Вячеслав Николаевич Фешкин
НАУЧНАЯ ДЕЯТЕЛЬНОСТЬ М. К. ЛЮБАВСКОГО В БАШКИРИИ
Судьба академика М. К. Любавского неразрывно связана с репрессиями, которые сыграли большую роль в политической жизни всего государства.
«Академическое дело» или «Дело историков», начавшееся в 1929 г.. стало для исторической науки в России сложным испытанием. По этому делу было осуждено большое число ученых не только Москвы и Ленинграда, но и других городов Советского Союза. Это была всесоюзная акция. Целью ее организаторов стало, прежде всего, устранение ученой прослойки, которая не отвечала идеологическим требованиям нового общественного строя. Другой целью власти было установление полного контроля над Академией наук, являвшейся на тот момент одним из относительно «независимых» учреждений.
Еще в середине 1928 г. группа ученых и Государственное русское географическое общество выдвинули М. К. Любавского кандидатом в действительные члены Академии наук СССР. Однако бюро секции научных работников Ленинграда высказалось против избрания М. К. Любавского под предлогом, что его труды по истории Великого княжества Литовского носили якобы абстрактно-догматический характер. Тем не менее, на Общем собрании Академии наук СССР 12 января 1929 г. М. К. Любавский был избран действительным ее членом по Отделению общественных наук. На том же собрании не набрали необходимое количество голосов ученые-марксисты1.
Арестован был М. К. Любавский 9 августа 1930 г. за четыре дня до своего семидесятилетия, предварительно лишившись звания академика. Вместе с ним были арестованы и сосланы в провинциальные города Советского Союза такие известные представители исторической науки, как С. Ф. Платонов, Е. В. Тарле, С. Ф. Рождественский, Ю. В. Готье, С. В. Бахрушин, В. И. Пичета, С. А. Лобанов и другие.

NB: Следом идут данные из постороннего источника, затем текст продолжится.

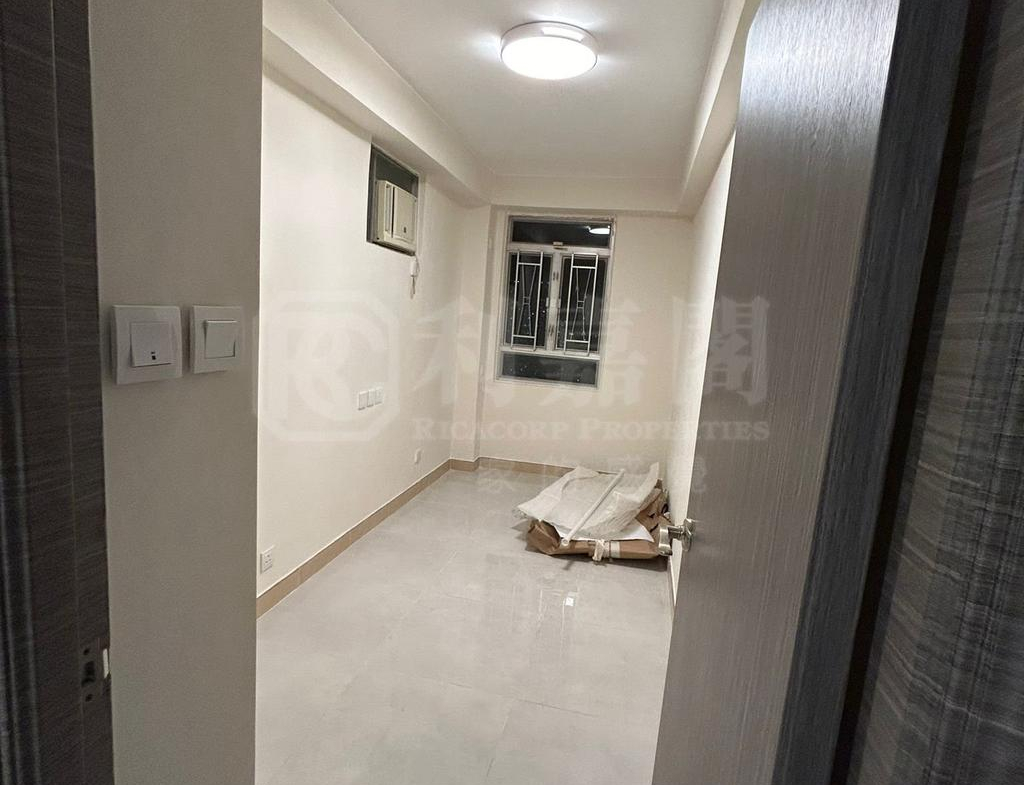 雲疊花園 2座 - 28NTS – 香港北部都會區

По прибытии М. К. Любавского в Уфу в 1931 г. начинается новый этап его жизненного и творческого пути. Академик, приехав в Башкирию, оказался в такой обстановке, которая позволяла ему и дальше заниматься исследованиями. Прежде всего, это было связано с развитием культуры, образования и науки на периферии. В БАССР были открыты такие учреждения, как Башкирский государственный педагогический институт имени Тимирязева (1929 г.), Башкирский сельскохозяйственный институт (1930 г.), Башкирский медицинский институт (1932 г.), что стало для автономной республики огромным рывком вперед.
В рассматриваемый период предпринимались первые шаги по созданию специализированных научных учреждений, прежде всего, в гуманитарной сфере. Первоначально научной разработкой проблем культурного развития в БАССР занималось созданное еще в 1922 г. Общество по изучению Башкирии. В 1930 г. при Совнаркоме республики организован комплексный Башкирский научно-исследовательский институт (БНИИ), который должен был заниматься, в первую очередь, проблемами развития народного хозяйства и культурной жизни республики. На него возлагалась также ответственная работа по подготовке научных кадров. В составе института имелся социально-культурный отдел, в который 5 сентября 1931 г. М. К. Любавский был устроен на работу в качестве научного сотрудника.
В 1932 г. на базе данного учреждения организован Башкирский научно-исследовательский институт национальной культуры (БашНИИ национальной культуры)2. Сотрудники БНИИ были переведены во вновь учрежденный институт. Так, в приказе института от 20 марта 1932 г. было написано: «Числящегося научным сотрудником соц[иально]-культ[урного] сектора БНИИ историка Любавского перевести временно научным сотрудником БашНИИ нацкультуры»3, а 22 июля Любавскому было поручено «приступить к разработке темы “Землевладения и землепользования у башкир в XIX веке” в связи с историей аграрных отношений в Башкирии»4.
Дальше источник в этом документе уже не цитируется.